Nas últimas três décadas foram assassinadas aproximadamente 91 mil mulheres no Brasil, 7º lugar no ranking dos países onde há mais esse tipo de crime. O que mais assusta estudiosos do tema e feministas é o progressivo crescimento do feminicídio, que vitimou 43,5 mil mulheres só nesta última década, passando de 1.353 para 4.297 mortes por ano, um aumento de 217,6%! Os dados são do Mapa da Violência 2012, estudo do Instituto Sangari, baseado em dados do Sistema de Informações de Mortalidade – SIM – da Secretaria de Vigilância em Saúde ( SVS), do Ministério da Saúde e do Ministério da Justiça. Outra confirmação deste último Mapa, que traz um balanço da violência homicida desde 1980, é a de que os homens morrem na rua, as mulheres morrem dentro de casa. Isso acontece em todas as regiões brasileiras e em todas as classes sociais. E sabemos que o número real é bem maior, devido a má ou não notificação de muitos casos.
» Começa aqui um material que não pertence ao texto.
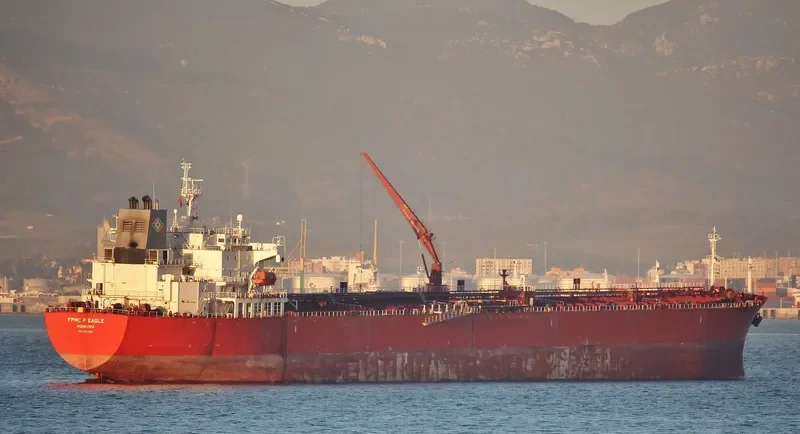SERENO Tanker IMO 9437658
Acontece que o Brasil tem também uma das leis mais avançadas para a superação da violência contra a mulher – a Lei Maria da Penha. Reconhecida internacionalmente, a lei que completa seis anos em agosto não tem conseguido diminuir os índices do feminicídio brasileiro. Questionada e desrespeitada pelo machismo institucionalizado em nosso Judiciário, o Supremo precisou legislar positivamente sobre sua constitucionalidade e aplicação pelo Ministério Público, em fevereiro deste ano, para dirimir possíveis dúvidas de governadores, secretários de segurança e justiça, delegados e juízes.
No Congresso foi constituída uma CPMI (Comissão Parlamentar Mista de Inquérito) para verificar o que acontece na real com a aplicação da Lei Maria da Penha, e também com os recursos do Pacto Nacional contra a Violência à Mulher, programa da SPM (Secretaria Nacional de Políticas para as Mulheres), distribuídos aos governos estaduais. “O relatório será ‘publicizado’ para amplo conhecimento, inclusive de órgãos internacionais que olham para o Brasil e nos cobram, devido à Lei Maria da Penha, exemplar em outros países”, disse a Senadora Ana Rita, relatora da CPMI, na última sexta-feira, 29. A senadora, junto com parlamentares paulistas membros da Comissão, como a Senadora Marta Suplicy, as deputadas federais Janete Pietá e Keiko Ota, concederam entrevista coletiva à imprensa. Audiência Pública na Assembleia Legislativa de São Paulo (Alesp) foi realizada nesse dia, para inquirir gestores do Estado, coroando uma série de diligências feitas pelas parlamentares em órgãos de governo, equipamentos sociais e ouvindo as mulheres.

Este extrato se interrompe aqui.